» **ACTIVITY**
Please print only the top portion of the entries below, ending with the line that contains "men's vests mens", exactly as written.

=== Begin Enclosure ===

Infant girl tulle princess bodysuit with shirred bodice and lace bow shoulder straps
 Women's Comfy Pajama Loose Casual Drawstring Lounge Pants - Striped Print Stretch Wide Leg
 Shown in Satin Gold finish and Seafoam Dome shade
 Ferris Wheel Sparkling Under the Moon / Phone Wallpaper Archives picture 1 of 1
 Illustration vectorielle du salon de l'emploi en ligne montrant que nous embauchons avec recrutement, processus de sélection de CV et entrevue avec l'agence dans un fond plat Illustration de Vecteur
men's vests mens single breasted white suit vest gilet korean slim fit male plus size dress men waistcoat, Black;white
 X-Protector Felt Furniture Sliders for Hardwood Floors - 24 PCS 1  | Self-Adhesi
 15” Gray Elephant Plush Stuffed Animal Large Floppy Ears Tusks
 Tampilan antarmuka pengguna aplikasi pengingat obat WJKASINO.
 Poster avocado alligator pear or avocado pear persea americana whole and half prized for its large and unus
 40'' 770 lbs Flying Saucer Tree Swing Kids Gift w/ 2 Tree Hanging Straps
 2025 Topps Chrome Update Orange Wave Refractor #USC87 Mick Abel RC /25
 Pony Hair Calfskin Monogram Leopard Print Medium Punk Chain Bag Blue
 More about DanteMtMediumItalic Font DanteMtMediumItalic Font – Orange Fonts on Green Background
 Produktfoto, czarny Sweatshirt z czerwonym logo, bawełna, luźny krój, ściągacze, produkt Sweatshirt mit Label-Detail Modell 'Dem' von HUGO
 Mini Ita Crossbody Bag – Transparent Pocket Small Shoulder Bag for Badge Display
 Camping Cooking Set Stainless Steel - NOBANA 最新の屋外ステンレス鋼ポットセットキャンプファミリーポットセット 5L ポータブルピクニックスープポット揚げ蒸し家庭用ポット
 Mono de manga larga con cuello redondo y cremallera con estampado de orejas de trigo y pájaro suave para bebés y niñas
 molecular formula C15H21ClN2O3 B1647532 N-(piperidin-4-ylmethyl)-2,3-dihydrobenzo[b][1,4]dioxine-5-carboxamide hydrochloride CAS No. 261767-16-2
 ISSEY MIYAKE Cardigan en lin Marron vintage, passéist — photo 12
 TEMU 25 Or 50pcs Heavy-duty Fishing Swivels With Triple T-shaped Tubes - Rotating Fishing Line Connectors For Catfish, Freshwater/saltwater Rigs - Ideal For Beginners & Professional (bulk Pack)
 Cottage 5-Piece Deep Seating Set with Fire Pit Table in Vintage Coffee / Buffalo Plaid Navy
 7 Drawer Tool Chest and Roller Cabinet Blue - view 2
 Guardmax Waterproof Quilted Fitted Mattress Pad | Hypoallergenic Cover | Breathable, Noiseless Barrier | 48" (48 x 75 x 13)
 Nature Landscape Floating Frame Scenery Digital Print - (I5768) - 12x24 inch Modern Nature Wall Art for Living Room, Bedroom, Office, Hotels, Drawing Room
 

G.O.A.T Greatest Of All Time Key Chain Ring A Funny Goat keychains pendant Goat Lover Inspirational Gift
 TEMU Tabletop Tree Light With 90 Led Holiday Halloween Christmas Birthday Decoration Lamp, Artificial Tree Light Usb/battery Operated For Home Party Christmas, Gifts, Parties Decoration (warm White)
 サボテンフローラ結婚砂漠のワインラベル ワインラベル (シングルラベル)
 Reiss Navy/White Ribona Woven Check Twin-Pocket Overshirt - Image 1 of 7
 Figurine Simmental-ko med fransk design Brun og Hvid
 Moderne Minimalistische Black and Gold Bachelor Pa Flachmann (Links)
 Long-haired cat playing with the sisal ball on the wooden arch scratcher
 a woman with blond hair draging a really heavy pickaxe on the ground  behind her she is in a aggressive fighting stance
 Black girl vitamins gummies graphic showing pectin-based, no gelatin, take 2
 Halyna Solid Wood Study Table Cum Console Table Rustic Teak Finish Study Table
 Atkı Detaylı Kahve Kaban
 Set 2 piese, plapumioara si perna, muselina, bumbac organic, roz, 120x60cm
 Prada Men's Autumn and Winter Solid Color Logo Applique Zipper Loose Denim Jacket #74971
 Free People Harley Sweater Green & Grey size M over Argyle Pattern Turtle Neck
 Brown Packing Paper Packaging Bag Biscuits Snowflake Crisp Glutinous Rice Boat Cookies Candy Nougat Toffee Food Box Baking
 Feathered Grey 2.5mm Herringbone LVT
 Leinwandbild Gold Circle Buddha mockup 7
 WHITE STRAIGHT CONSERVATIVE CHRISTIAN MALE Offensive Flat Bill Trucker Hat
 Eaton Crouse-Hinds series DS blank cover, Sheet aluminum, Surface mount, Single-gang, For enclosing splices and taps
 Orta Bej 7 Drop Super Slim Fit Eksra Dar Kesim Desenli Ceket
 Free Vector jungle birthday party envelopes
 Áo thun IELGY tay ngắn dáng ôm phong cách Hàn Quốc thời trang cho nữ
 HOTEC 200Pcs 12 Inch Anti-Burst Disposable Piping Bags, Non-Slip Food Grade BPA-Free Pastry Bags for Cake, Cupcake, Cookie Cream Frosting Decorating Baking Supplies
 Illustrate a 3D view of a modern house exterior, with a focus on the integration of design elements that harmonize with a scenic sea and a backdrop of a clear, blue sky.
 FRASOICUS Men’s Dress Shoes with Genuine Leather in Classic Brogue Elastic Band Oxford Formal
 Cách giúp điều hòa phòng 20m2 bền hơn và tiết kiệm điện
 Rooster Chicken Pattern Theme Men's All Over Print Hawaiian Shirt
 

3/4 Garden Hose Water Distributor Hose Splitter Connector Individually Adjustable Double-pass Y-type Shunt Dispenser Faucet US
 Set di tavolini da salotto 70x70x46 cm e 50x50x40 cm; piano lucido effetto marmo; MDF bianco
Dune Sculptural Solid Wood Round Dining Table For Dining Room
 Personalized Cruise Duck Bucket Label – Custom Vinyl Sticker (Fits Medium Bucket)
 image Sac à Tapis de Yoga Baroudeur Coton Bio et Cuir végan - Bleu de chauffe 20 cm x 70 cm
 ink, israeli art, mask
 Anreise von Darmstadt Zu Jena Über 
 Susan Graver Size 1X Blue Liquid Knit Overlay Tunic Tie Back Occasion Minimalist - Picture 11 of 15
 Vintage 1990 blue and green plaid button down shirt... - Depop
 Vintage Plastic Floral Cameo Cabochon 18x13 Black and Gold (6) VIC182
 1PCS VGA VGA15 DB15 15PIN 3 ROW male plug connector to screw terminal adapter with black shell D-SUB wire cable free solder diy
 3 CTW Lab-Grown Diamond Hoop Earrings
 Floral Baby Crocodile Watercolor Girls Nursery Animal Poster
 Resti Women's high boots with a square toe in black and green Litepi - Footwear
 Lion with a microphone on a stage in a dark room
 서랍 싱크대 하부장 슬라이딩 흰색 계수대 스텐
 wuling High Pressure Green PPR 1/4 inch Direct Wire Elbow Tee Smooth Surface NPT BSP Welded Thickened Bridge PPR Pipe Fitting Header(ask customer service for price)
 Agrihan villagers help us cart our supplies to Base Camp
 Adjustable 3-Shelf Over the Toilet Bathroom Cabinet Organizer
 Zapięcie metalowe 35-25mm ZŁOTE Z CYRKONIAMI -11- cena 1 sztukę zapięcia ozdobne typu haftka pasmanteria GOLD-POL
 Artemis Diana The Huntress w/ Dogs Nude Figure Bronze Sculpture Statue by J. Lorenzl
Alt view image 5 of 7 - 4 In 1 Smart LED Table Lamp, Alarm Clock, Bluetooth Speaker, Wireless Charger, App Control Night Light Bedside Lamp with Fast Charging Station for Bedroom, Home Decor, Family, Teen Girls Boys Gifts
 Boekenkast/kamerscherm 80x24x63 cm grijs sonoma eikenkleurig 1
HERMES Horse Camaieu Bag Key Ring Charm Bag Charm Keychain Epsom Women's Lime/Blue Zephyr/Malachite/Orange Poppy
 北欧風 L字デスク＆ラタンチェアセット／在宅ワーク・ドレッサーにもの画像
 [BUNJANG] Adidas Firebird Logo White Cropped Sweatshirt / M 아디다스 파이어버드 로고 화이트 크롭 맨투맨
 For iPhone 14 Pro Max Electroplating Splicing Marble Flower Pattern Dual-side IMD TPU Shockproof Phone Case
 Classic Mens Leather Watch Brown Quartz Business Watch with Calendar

=== End Enclosure ===

» **RESULT OF THE EXERCISE**
Infant girl tulle princess bodysuit with shirred bodice and lace bow shoulder straps
 Women's Comfy Pajama Loose Casual Drawstring Lounge Pants - Striped Print Stretch Wide Leg
 Shown in Satin Gold finish and Seafoam Dome shade
 Ferris Wheel Sparkling Under the Moon / Phone Wallpaper Archives picture 1 of 1
 Illustration vectorielle du salon de l'emploi en ligne montrant que nous embauchons avec recrutement, processus de sélection de CV et entrevue avec l'agence dans un fond plat Illustration de Vecteur
men's vests mens single breasted white suit vest gilet korean slim fit male plus size dress men waistcoat, Black;white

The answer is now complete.